Mountain in New York, United States

Holy Mount, 1968 ft, is a prominent peak in the Taconic Mountains of western Massachusetts, formerly used as the location of religious ceremonies by a nearby Shaker community.

==Geography==
The mountain is located in Pittsfield State Forest and is traversed by the 5 mi loop Shaker Trail which begins at the historic Hancock Shaker Village. The mountain is wooded with northern hardwood tree species. In addition to the main summit, the mountain has two other peaks, a western spur called Mount Lebanon 1750 ft and an unnamed northern peak 1920 ft.

Most of Holy Mount is located within Hancock, Massachusetts, but the lower western slopes are within the town of New Lebanon, New York.
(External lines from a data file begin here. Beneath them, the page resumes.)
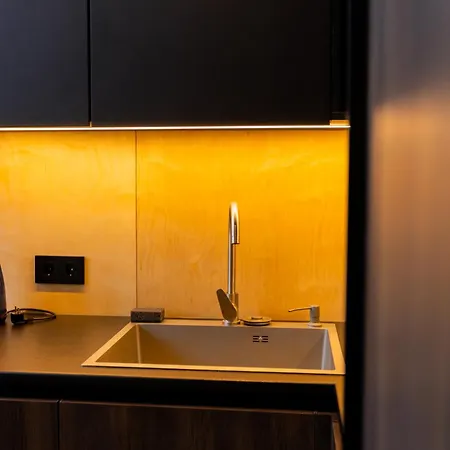 комплекс відпочинку крихая * Solochin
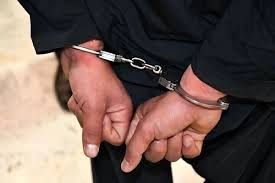اعتراف سارق به ۵۰ فقره سرقت از باغات و کارگاه‌های تولیدی در شیراز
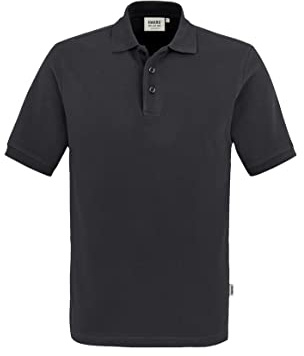HAKRO Herren Poloshirt Classic Polohemd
The Taconic ridgeline continues north from Holy Mount as Doll Mountain, south as an unnamed mountain, and to the east as Shaker Mountain. It is bordered by The Knob to the west across the Wyomanock Creek valley. The west side of the mountain drains into Wyomanock Creek, then into Kinderhook Creek, thence into the Hudson River and Long Island Sound. The east side drains into Shaker Brook, thence to the Housatonic River and Long Island Sound. Twin Ponds and Cranberry Pond, two highland water bodies, located on the southwest shoulder of the mountain and are visited by the Taconic Skyline Trail and Taconic Crest Trail.